A tenor del resultado de las elecciones generales, Pedro Sánchez podría afirmar con cierta razón que ese gobierno, el que formaría en solitario, lo quieren el 26,68% de los españoles que acudieron a las urnas, que son los que les han votado. Ir más allá es presunción e impostura, porque en el otro extremo se encuentran Ciudadanos y el PP, que han obtenido el voto del 32,56%, y no creo que estos votantes quieran precisamente el Gobierno de Sánchez.

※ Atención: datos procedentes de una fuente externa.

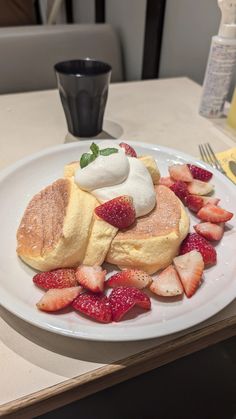 a white plate topped with pancakes covered in whipped cream and strawberries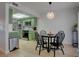Bright kitchen and dining area with a round table, green cabinets, and stainless steel appliances at 1847 Avacado Ct, Henderson, NV 89014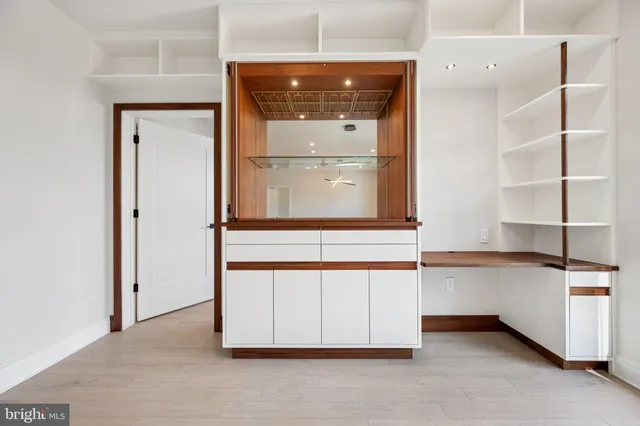 a view of a hallway with front door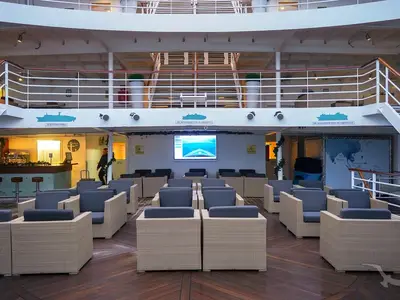 Blick in die helle Phoenix Bar auf der MS Artania mit gemütlichen Korbstühlen und dunkelblauen Kissen. Im Hintergrund eine Bar und ein großer Bildschirm.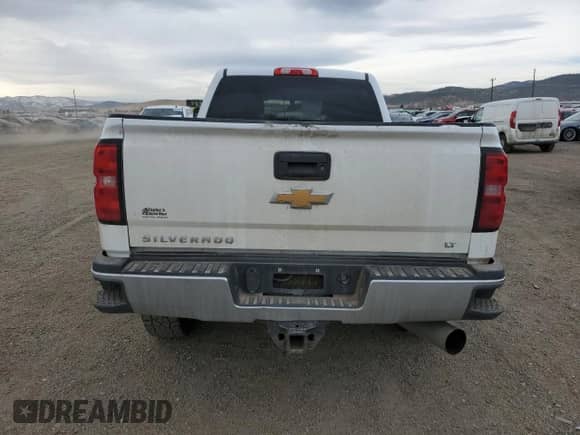2018 Chevrolet Silverado 2500HD LT with VIN 1GC1KVEY9JF237465, listed as a Copart auction lot 50810115 with 173,715 mi miles and Salvage title. Bid and sale history available at DreamBid. Image 6.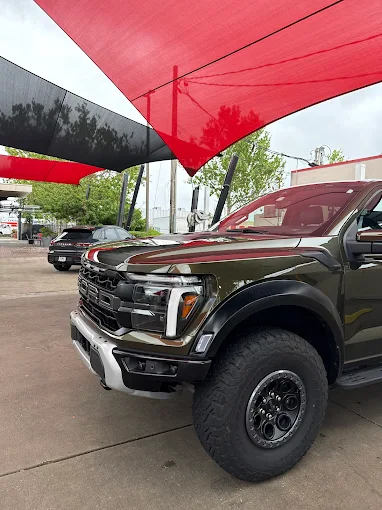 Dark Ford truck under red and black canopy at Images Auto Spa in Orlando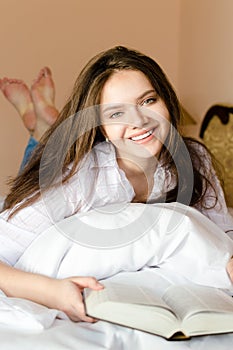 Attractive brunette young woman beautiful happy smiling student girl in bed with book looking at camera portrait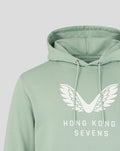 Aloe green unisex hoodie close-up shows oversized white wings graphic and Hong Kong Sevens text on the chest.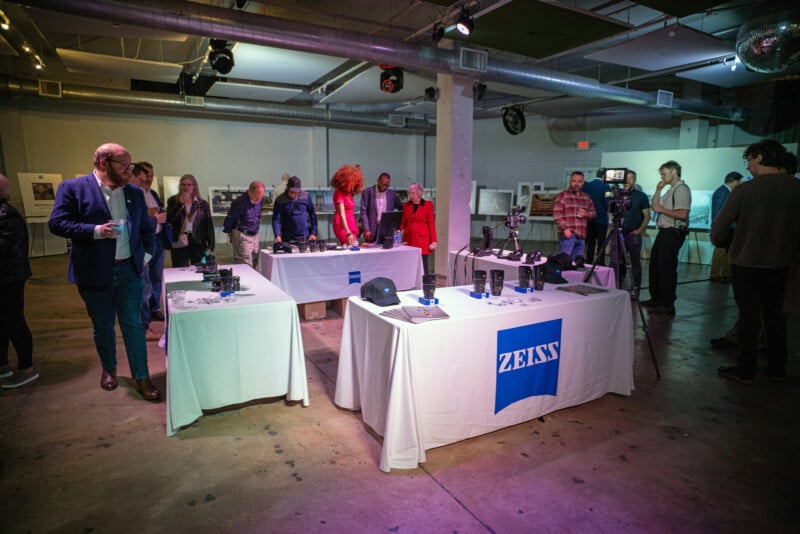 People gather around tables displaying camera equipment with ZEISS logos at an indoor event. Some attendees examine items, while others converse. The space is well-lit, industrial, and features exposed pipes.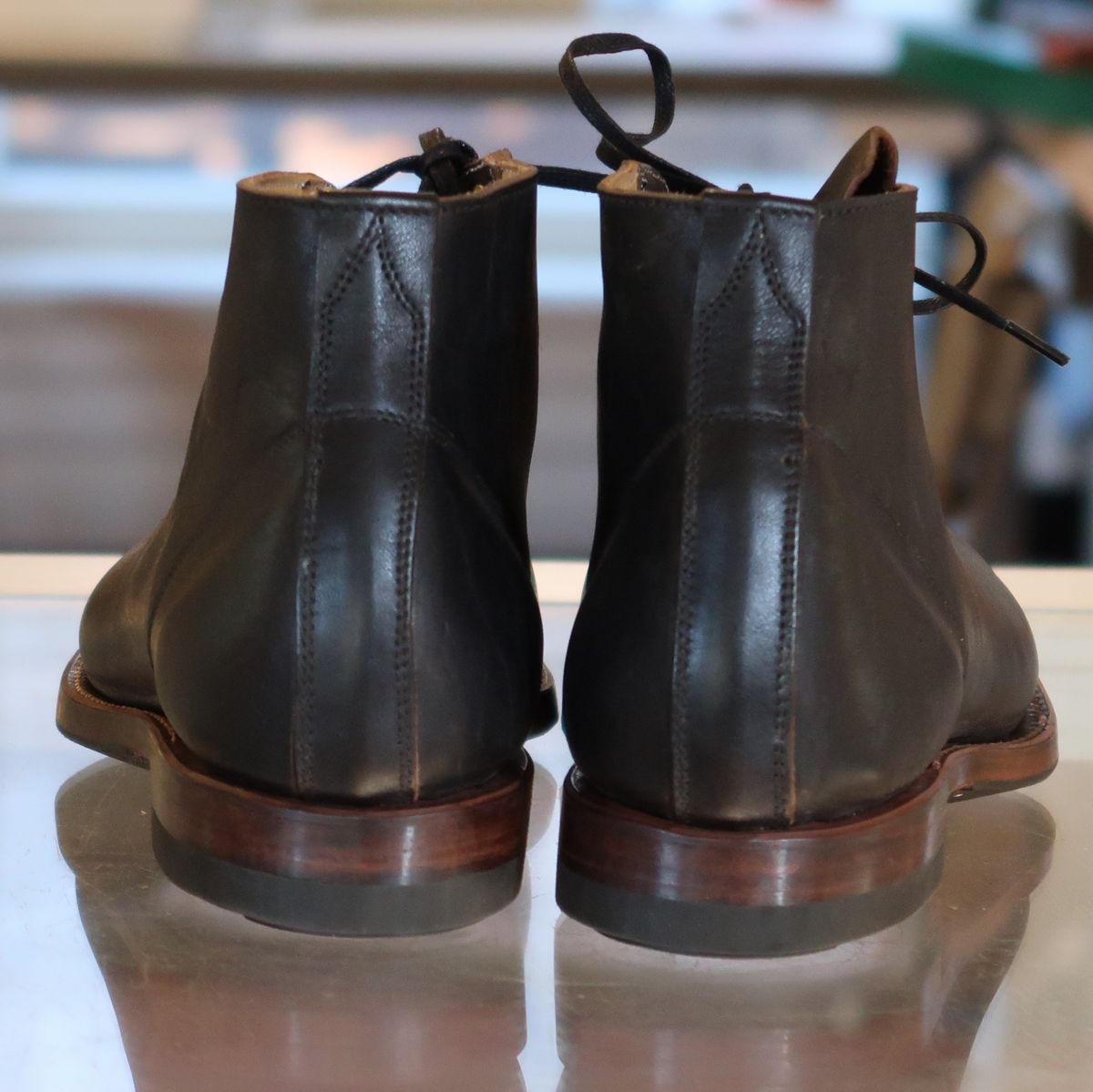 Photo by unsung on October 3, 2023 of the Unsung Prototype in Horween Black Wrangler Horsehide.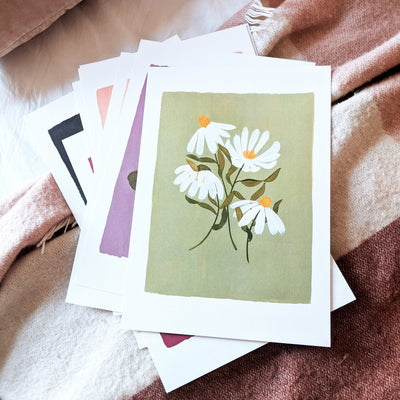 A Botanical Green With White Cone Flowers Floral Print On A Pile Of Other Spring Prints - Annie Dornan Smith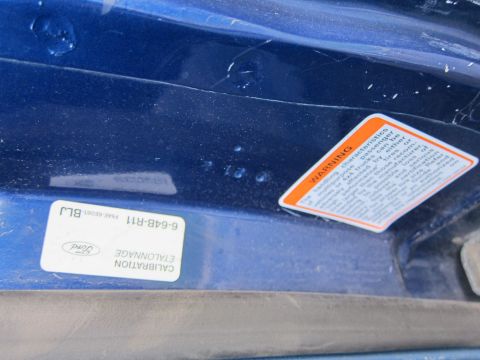 2001 Ford Crown Victoria - Close-up of a Ford calibration sticker and a warning label on a blue painted surface.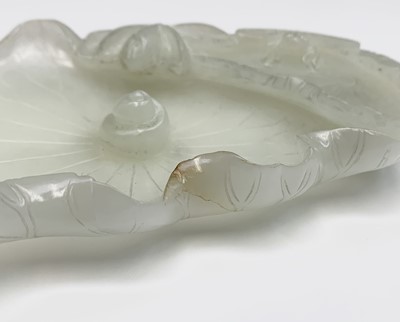 Lot 11 - A Chinese white jade 'lotus leaf' brushwasher,...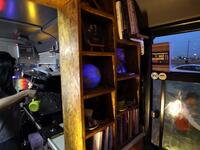 Kani Jalil, a 22-year-old Iraqi Kurdish woman who runs with her husband "The Bus Cafe Erbil" in Arbil, prepares a coffee for clients inside her cafe in Arbil, the capital of Iraq's Kurdish autonomous region, late on June 7, 2019, on the long weekend of the Eid al-Fitr holiday which marks the end of the Muslim holy month of Ramadan.  SAFIN HAMED / AFP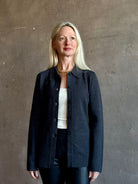 Mature woman wearing Apiece Apart Betti Knit Cardigan in Grey merino wool collared jacket-style silhouette front pockets everyday layering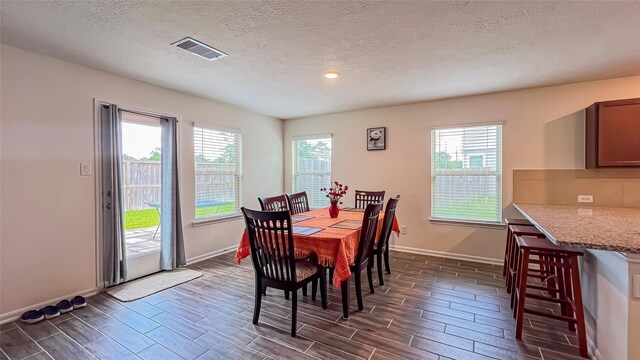 706 Hardwood Grove Ct, Houston, TX 77090 - dining area with wood tiled floors, baseboards, and a textured ceiling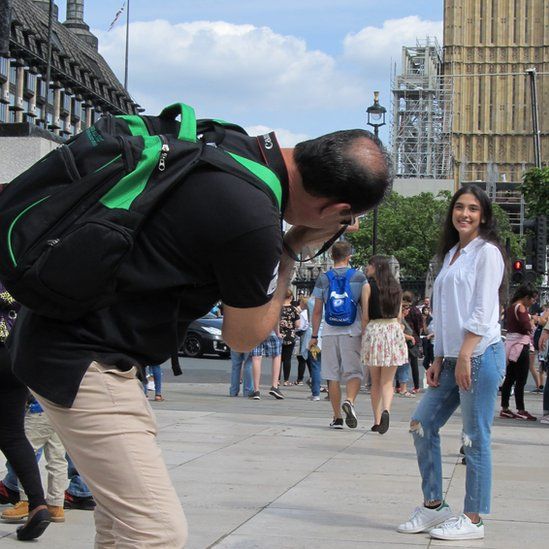 A man bending over to take a woman's photograph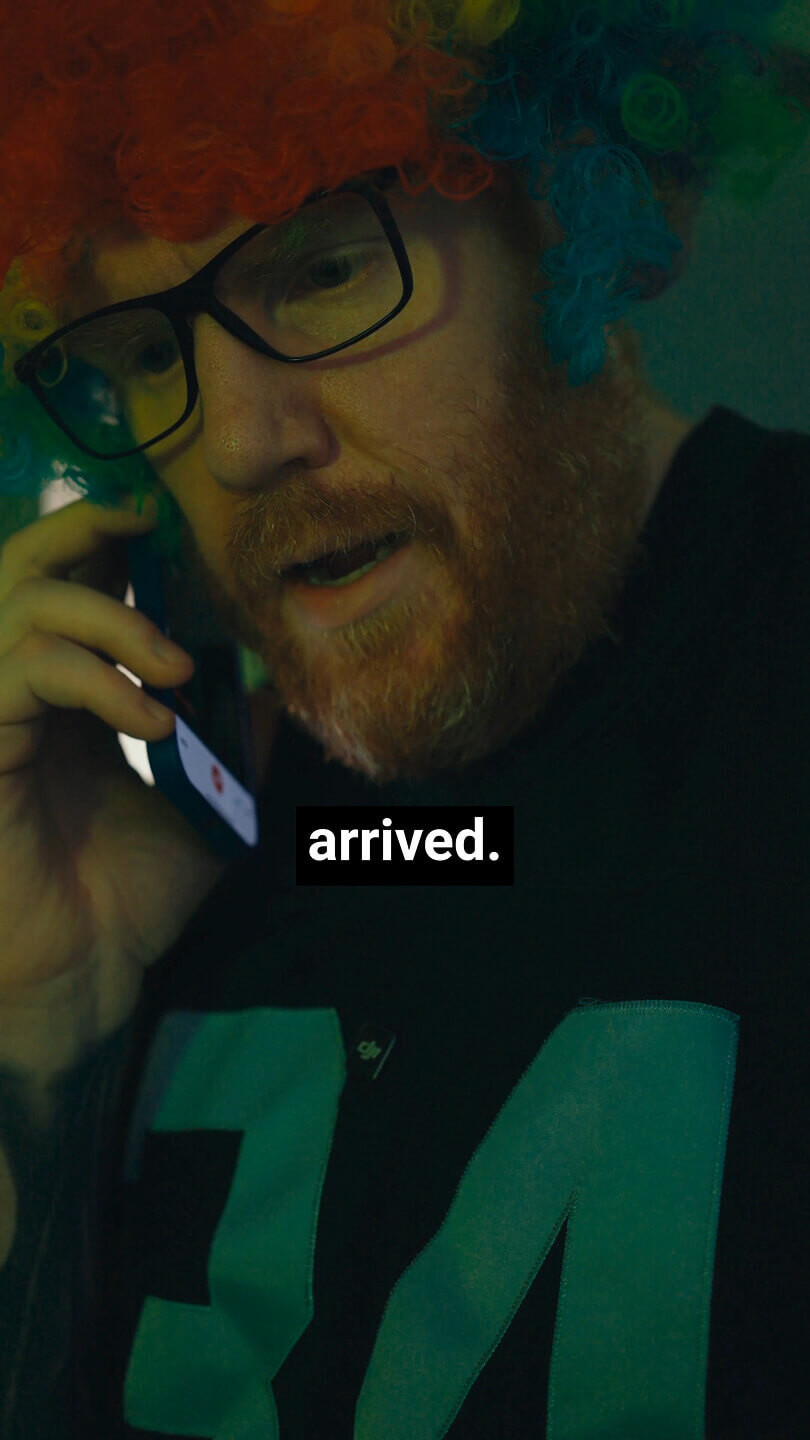 A man with a red beard and glasses wears a colorful curly clown wig while talking on a smartphone. The word "arrived." is displayed in bold white text over a black background near the bottom center of the image.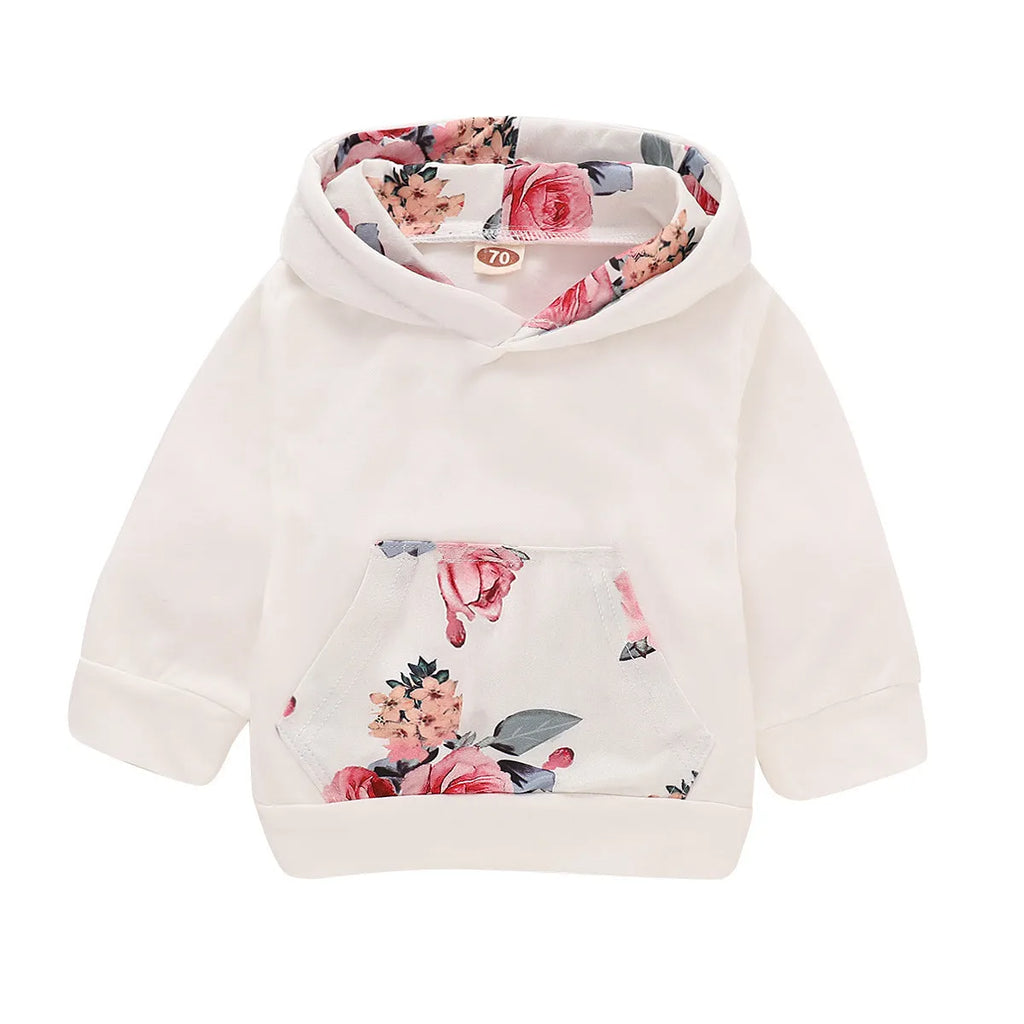 White cotton hooded tracksuit romper for a baby girl, showing long sleeves and full-length trousers.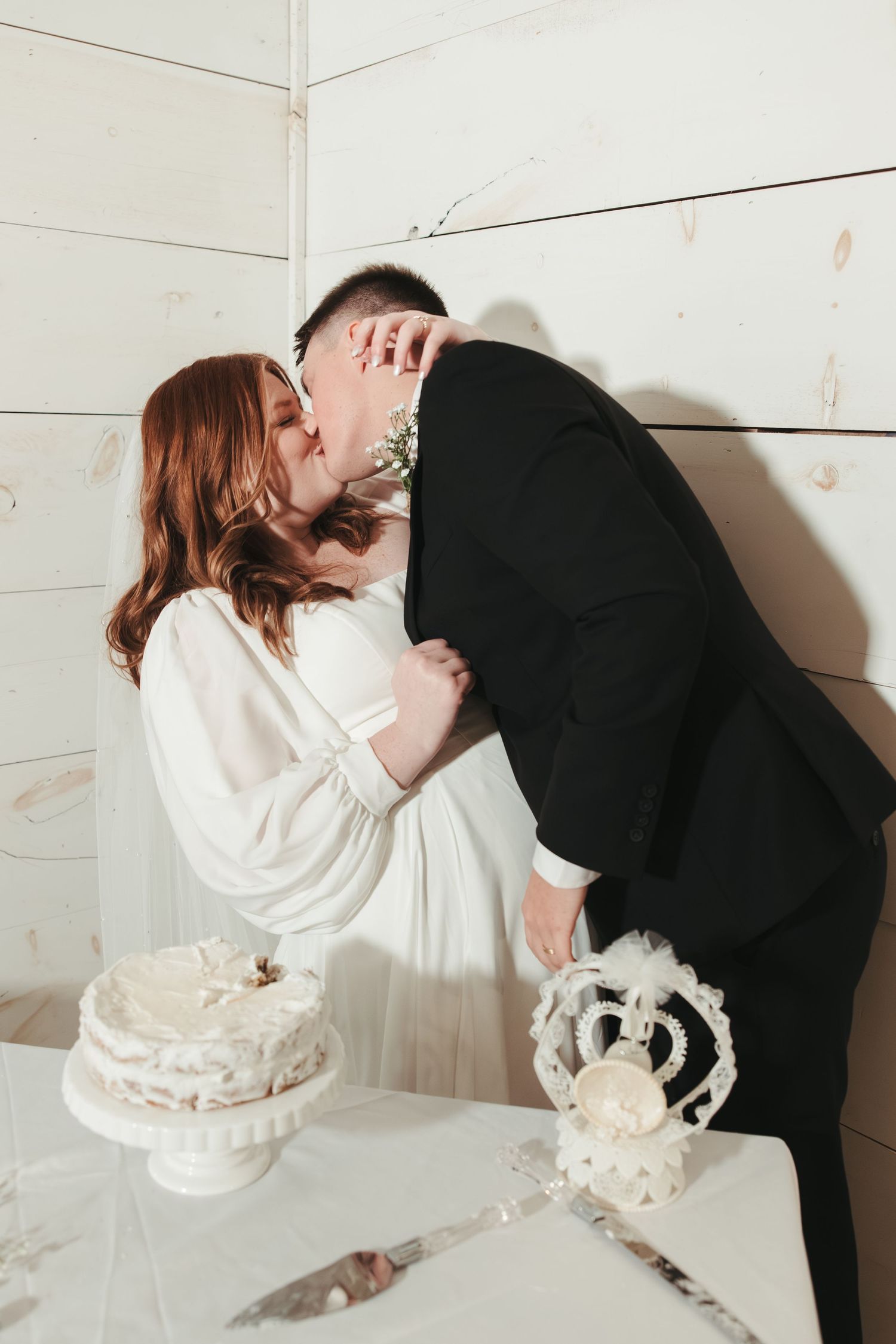 Newlyweds share a playful moment while cutting their wedding cake against a white wall.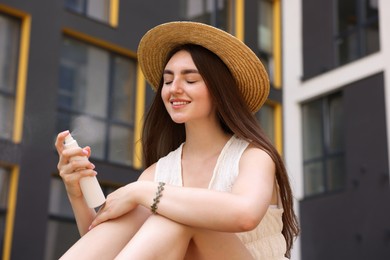 Photo of Smiling woman in straw hat spraying thermal water onto her face outdoors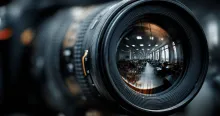 A camera lens brings a blurry government office into sharp focus, symbolizing the IOV's role in scrutinizing the Victorian Ombudsman's failures.
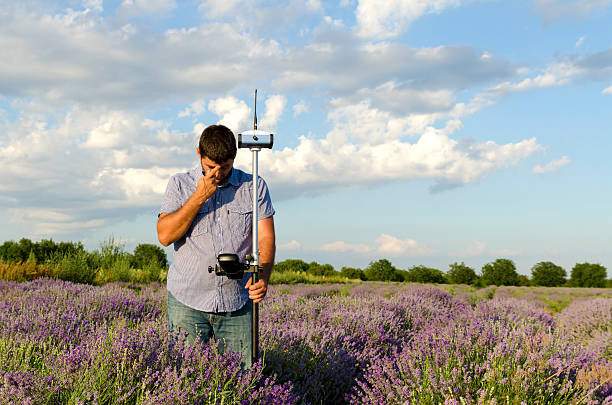 istock Lavender field and surveyor 590240962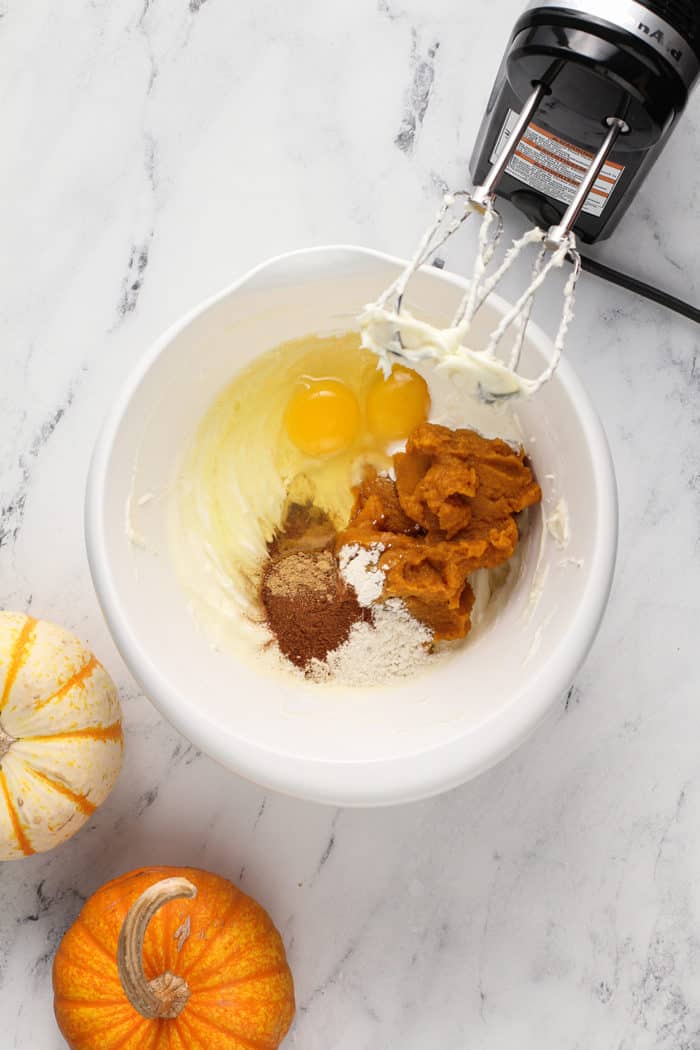 Ingredients for pumpkin cheesecake bar filling about to be mixed together in a white mixing bowl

Si el gobierno fuese de coalición con Podemos podría dar un paso más y afirmar que es el gobierno que en principio quieren el 42,99% de votantes, aunque no convendría olvidar que a Ciudadanos, PP y Vox les ha votado el 42,82, lo que indica hasta qué punto se encuentra dividida la sociedad, hasta qué extremo está fragmentado el «querer de los españoles».

Paradójicamente, el desempate en los momentos actuales está en manos de los golpistas y separatistas y la victoria es de quien esté dispuesto a aceptar su apoyo. Ello fue lo que ocasionó que Pedro Sánchez con 88 diputados se hiciese con el gobierno y expulsase a Rajoy, que contaba con 133. Y eso es también lo que hace que ahora Pedro Sánchez acaricie la investidura, siempre, claro está, con permiso de Podemos. Ese gobierno progresista del que habla Sánchez no se puede decir que sea el que quieren los españoles (solo algunos españoles), pero parece que sí es el que quieren los independentistas, a juzgar por las manifestaciones de Rufián y de Ortuzar. Nadie se muestra más interesado que ellos en que gobierne Sánchez. Por algo será.

Pero precisamente este interés mostrado por los que han dado un golpe de Estado o los que defienden abiertamente el derecho de secesión en España es el que debería poner en guardia y hacer recelar no ya a ese 42,88%, que ha votado a los tres partidos de derecha o centro derecha, sino incluso a algunos de entre ese 42,99% que ha votado al PSOE o a Podemos. ¿Dónde se encuentran todos esos miembros del Comité Ejecutivo Federal del PSOE que condenaban incluso sentarse a negociar con los partidos que defendiesen el derecho a decidir?

El gobierno que propone Sánchez tampoco es progresista. A tenor de las 370 medidas publicadas, yo diría que es más bien populista. El documento es una carta a los Reyes Magos. Es un conglomerado de todas las peticiones presentadas por las distintas asociaciones afines y que han desfilado por la Moncloa. No mantiene una estructura coherente ni fija prioridades. Se puede dar la misma importancia a la reforma laboral o al problema de las pensiones que a las carencias de los bomberos forestales o la subvención a las mujeres para que emprendan carreras técnicas o de ciencias.

El documento no presenta ningún cálculo del coste de las medidas y, en consecuencia, no dice cómo las van a financiar. El capítulo dedicado a los impuestos es pobrísimo, huye de tocar los grandes tributos en los que se basan la progresividad y la suficiencia del sistema -lo que sería impopular- y cifra todo el incremento de los ingresos en la creación de una serie de gravámenes hasta ahora desconocidos y sobre los que existen muchas dudas acerca de su viabilidad, efectos y capacidad recaudatoria, desde luego totalmente insuficiente para financiar el país de las maravillas que describe el documento. Pero eso le preocupa poco a Sánchez, le da lo mismo. Las medidas no están pensadas para ponerlas en práctica. Solo sirven para el postureo, la publicidad y la propaganda de cara a unas nuevas elecciones que es en lo que realmente está interesado. ¿Cómo si no puede decirle a Podemos que no quiere su voto gratis para la investidura, sino un pacto de adhesión incondicional y sin la menor crítica para toda la legislatura?